Since then, AC electrical grid has well developed and proven concept due to its development since the 19th century. It is able to deliver electric power from power plant to household through substations. It also offers a simple and reliable principle that has become the standard over the last century due to, among the previously stated reasons, limited technological advancements.
Currently, not only is it being challenged by the aggressive introduction of distributed renewable energy generation but also under increasing pressure due to growing calls for simple, meshed, low, and medium voltage distribution grids as well as high voltage transmission networks.
Based on this project motivation, there are many questions behind this project work and some of them are stated below:
- With the existing infrastructure of AC distribution, why should there be a shift to DC distribution?
- Will the DC distribution grid be more energy-efficient, cost-effective, and reliable than the present AC distribution grid?
- What are the current trends in the low voltage DC distribution?
- What are the factors to be put into consideration for the adoption of DC and its transition?
- Will the evolution and advancements in power electronics and DC/DC converters only be a game-changer for DC and bring a transition change to DC at low voltage distribution?
- Even if the potential advantages of DC far outweighs AC, will that be a yardstick to adopt DC distribution?
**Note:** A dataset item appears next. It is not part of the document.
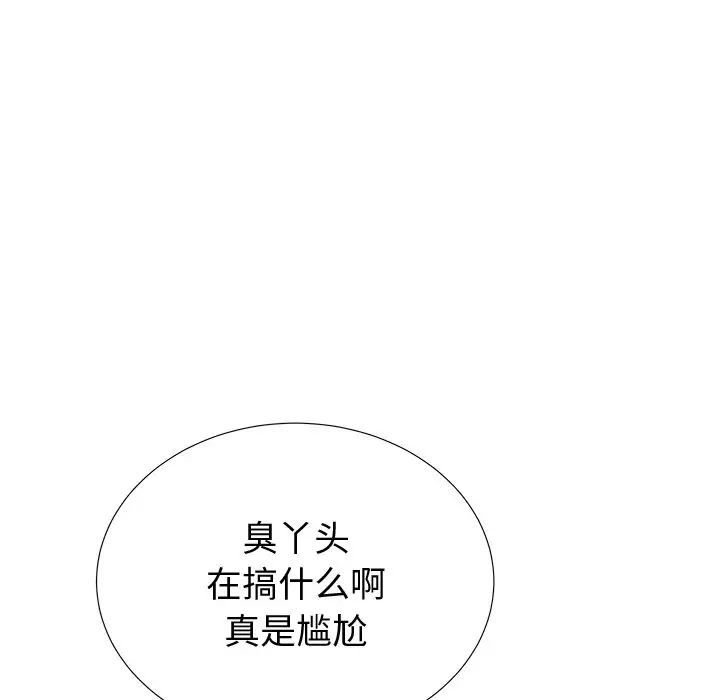 《失格妈妈》漫画最新章节第37话免费下拉式在线观看章节第【9】张图片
DC Versus AC based on present technology
DC vs AC power grid
Due to different architectures, voltage levels, and power electronics needed between AC and DC power grid, there are advantages and disadvantages of DC and AC power grid system. There are also challenges and opportunities within the development of the DC power grid system.
This paper will discuss the drawbacks, advantages, challenges, and opportunities of DC and AC power grid system development nowadays.
Merits of the DC system
The advantages of the DC systems over AC are presented below:
Advantage #1 – Due to the need for multiple levels of DC voltage, a DC system was deemed Superior to an AC system in terms of efficiency (i.e. higher efficiency gains means less energy wasted which means less money is wasted).
Even though the exact value of efficiency gain varies from application to application, the most common and very straightforward gain is in household electronics equipment. Most electronic equipment is DC and normally equipped with two conversion stages for AC power.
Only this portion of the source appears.